The museum is popular, no doubt about it. The pictures I’m about to show will give you little sense of the number of people there, nor of the mayhem happening around me. It seemed that just about everything in the museum spun, whistled, bounced, beeped, whizzed, banged…and was covered with smudgy little fingerprints. To the designers’ credit, the exhibits use low-energy lighting fixtures, which cuts their energy usage to 40% that of traditionally-lit exhibit spaces. It was too close to sensory-overload for my tastes, but if you’d like to see a lot of stellar, engaging exhibit interactives, you should take a trip here.
The exhibits were designed by Thinc Design (NY), with many interaction designers on their team: Snibbe Interactive, aesthetec, Boston Productions, and I don’t know who else (150+ interactives makes for a lot of interaction designers). Ten galleries in all, including a traveling exhibit (not designed by Thinc). *Correction below.
Of all the permanent galleries, I think the four shown below are the best.
Above: The Invention Dimension exhibit is about “the process of developing new products, new theories, new substances, and new uses for items that no one has ever thought of or attempted before.” The graphics are friendly, with rounded corners and bright, vibrant colors, and nicely illustrated—as seen in the top two photos, the illustrations are bold yet finely-detailed as in technical drawings.
Below: Energy City, about alternative energy technologies, was my favorite exhibit. I would describe the graphics as future-retro. More bright, bold colors, and video game-inspired diagrammatic illustrations. It was very neat.
The graphic panels appeared to be printed on a metallic substrate then laminated with a protective film, or printed on the second side of a laminating film. The number of graphic pieces in this gallery was impressive—in the photo below, on the right, I count ten individual graphics.

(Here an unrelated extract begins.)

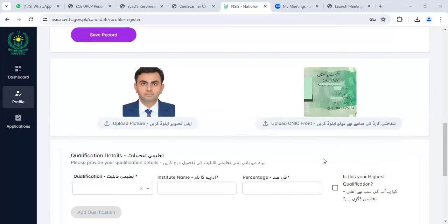Assalamualaikum students. Welcome to UX. You guys have also shared a video from this video in which I explained the Neftec portal — the form which you want to fill in.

Exploring Space, self-explanatory? The letters above are acrylic, over a color-changing lightbox. The large-scale images of extraterrestrial surfaces were striking as background murals. Area panels were front- and rear-printed on a frosted acrylic, effectively using the material’s depth. Like the reader rail graphics (second row of photos below), they were simple but had interesting details.
The Forces in Motion exhibit, about the power of the wind, magnets, and robotics, took advantage of its high ceilings: huge blocks of bold colors, huge type (FREEZE!), and huge, simple, vector diagrams on the walls. The very last photo below is of a “design your own mag-lev train” (magnetic levitation) interactive. Science is cool.
*Correction: I mistakenly credited only Thinc on this project when in fact, they were partnered with Jeff Kennedy & Associates (Boston). Also, worth noting is another interaction design firm on the project, Red Hill Studios.